Material for this exercise:
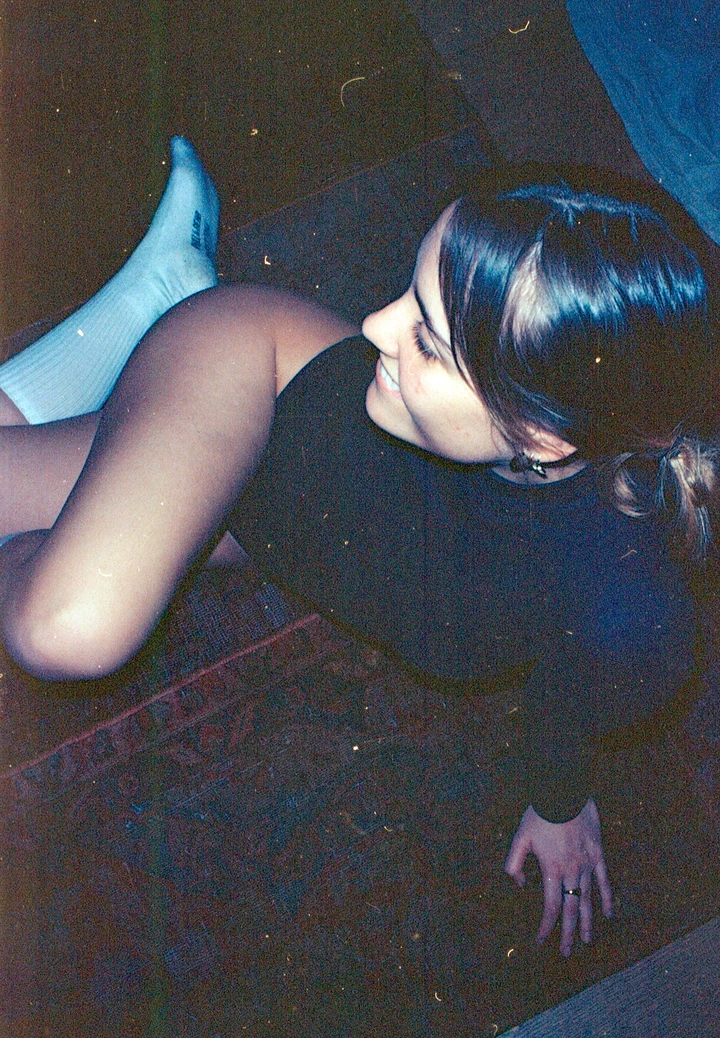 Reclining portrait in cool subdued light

* * *

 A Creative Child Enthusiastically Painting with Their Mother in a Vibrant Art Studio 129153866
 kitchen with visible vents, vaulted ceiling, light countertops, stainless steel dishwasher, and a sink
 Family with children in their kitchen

==

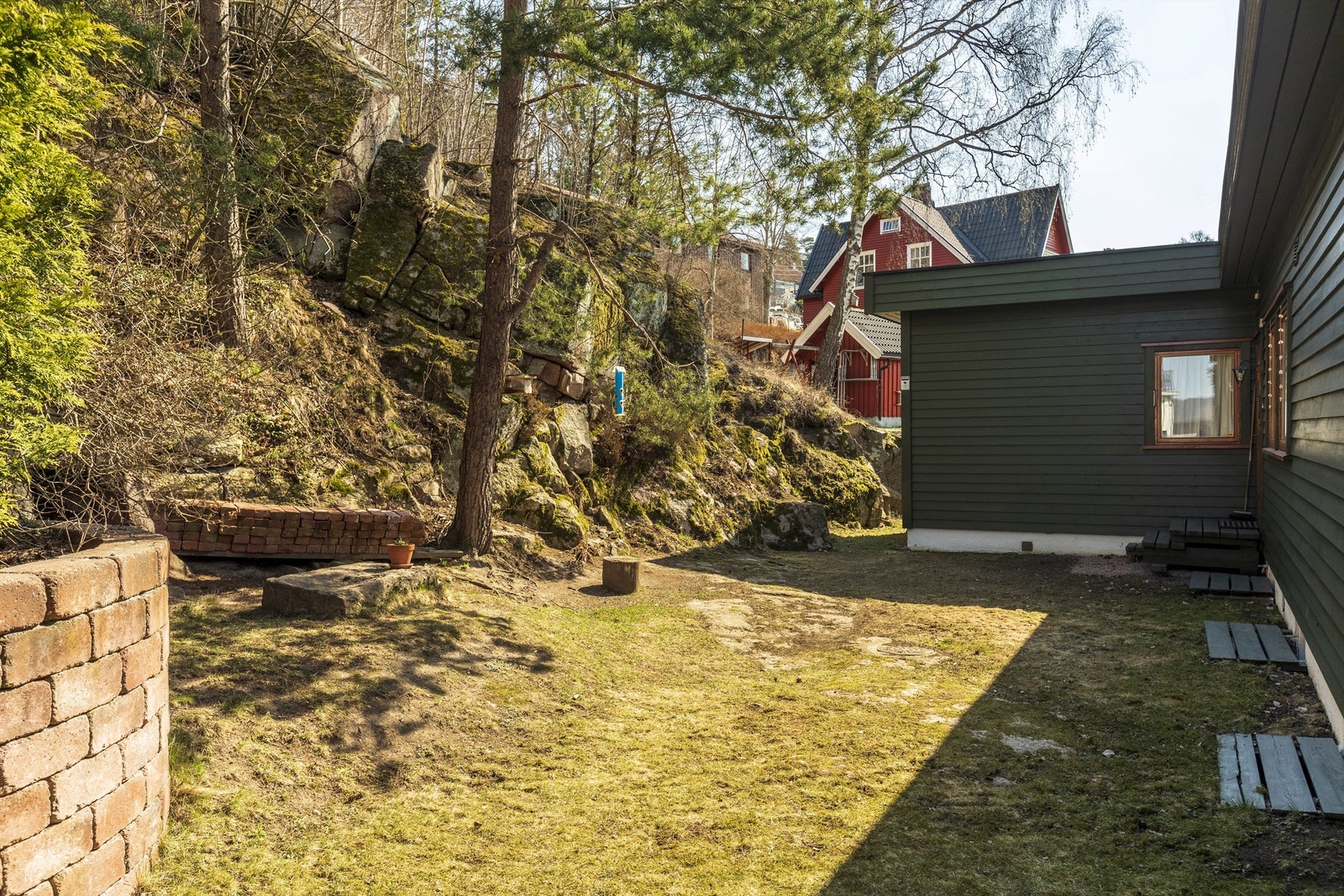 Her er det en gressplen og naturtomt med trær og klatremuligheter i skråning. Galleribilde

Work instructions: Every line above that holds the string "kitchen" should be copied out.

Solution below:
 kitchen with visible vents, vaulted ceiling, light countertops, stainless steel dishwasher, and a sink
 Family with children in their kitchen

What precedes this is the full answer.